[Exercise data]
● ● ● ● ●

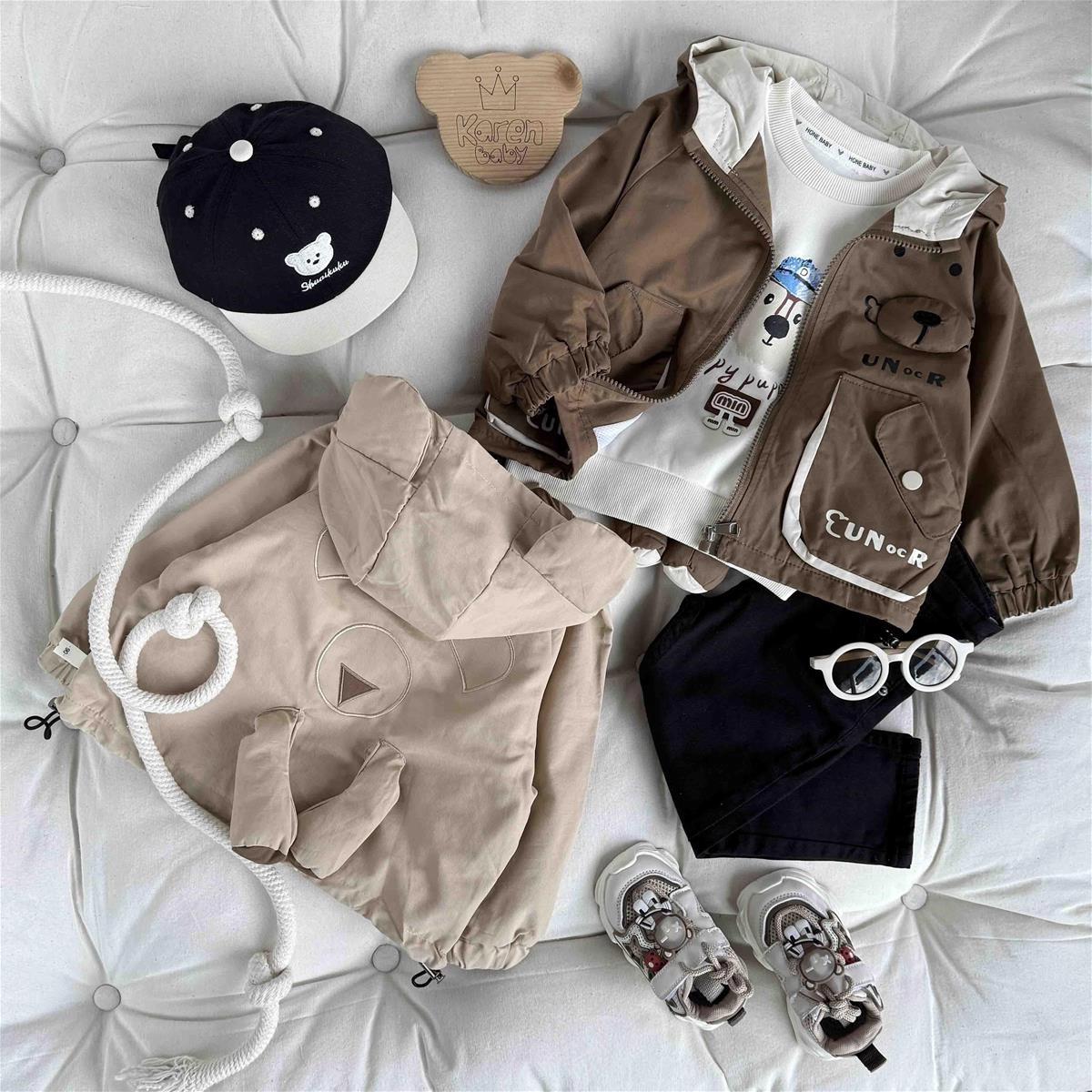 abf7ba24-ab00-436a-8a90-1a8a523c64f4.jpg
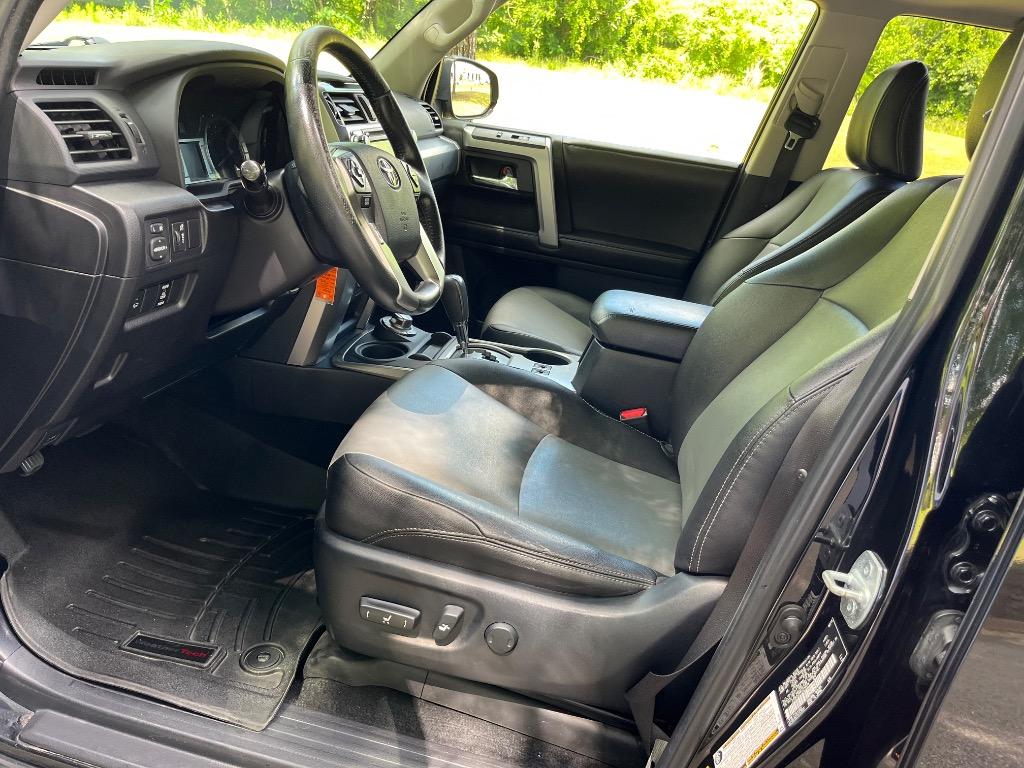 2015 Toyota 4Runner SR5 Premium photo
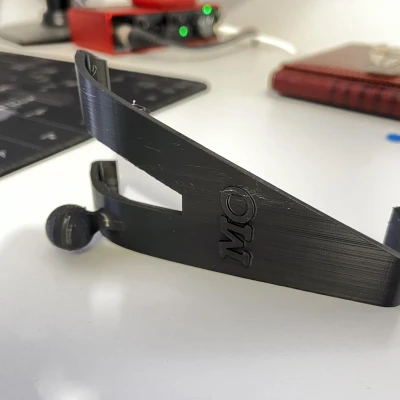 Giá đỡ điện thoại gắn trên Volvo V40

● ● ● ● ●

[What you are asked to do]
Your reply should restate the data above word for word and contain no pictures.

[Task solution]
 abf7ba24-ab00-436a-8a90-1a8a523c64f4.jpg
 2015 Toyota 4Runner SR5 Premium photo
 Giá đỡ điện thoại gắn trên Volvo V40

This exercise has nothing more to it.